The feedback was very valuable for the latter phase of the projects
We addressed insights from our testing. The improvement in the final iteration in this phase includes:
The Chrome App I designed and developed was released as a part of Senze 4.0. It helped Meditech to raise another round of funding from Invent ventures and won a pitch competition at Startup Thailand Conference in April 2016. As of late 2016, ten public hospitals in Thailand has adopted Senze. Also, because of Senze, one of our users was able to continue writing her novel despite the developing ALS condition.
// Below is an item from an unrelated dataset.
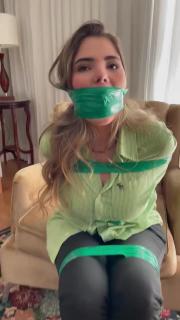 Brazillian girl tape gagged Brazillian girl tied up with green tape and wrap gagged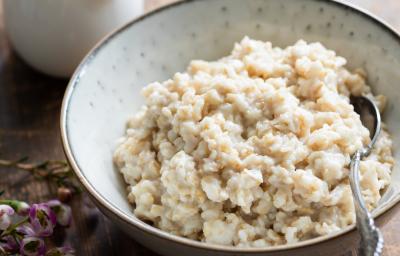 Fotografia em tons claros de um recipiente de vidro branco com acaçá cremoso, e no mesmo recipiente, uma colher de sopa apoiada dentro do acaçá. Ao fundo, molho em um recipiente pequeno na cor branca, sobre uma mesa de madeira na cor marrom escuro.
A video produced by Meditech Solution demonstrating the latest version of SenzE
Working with eye tracking devices, I can feel the fatigue created by the device. This drove the design decisions down to the coding of each element.
Designers seems to fear skipping the wireframing and mockup phase to avoid design fixation. But, I learned that it might be productive to bring the functional prototype early on when the interaction concepts is hard to communicate in other medium. Also, functional prototypes are getting a lot easier to build with the technology we have today.
We are quite a long way from making the web accessible to everyone. In this project, I have got a chance to dig into ARIA (Accessible Rich Internet Applications) tag specifications and some web accessibility standards. The experience was very enlightening and provoked me to see the web in a different way.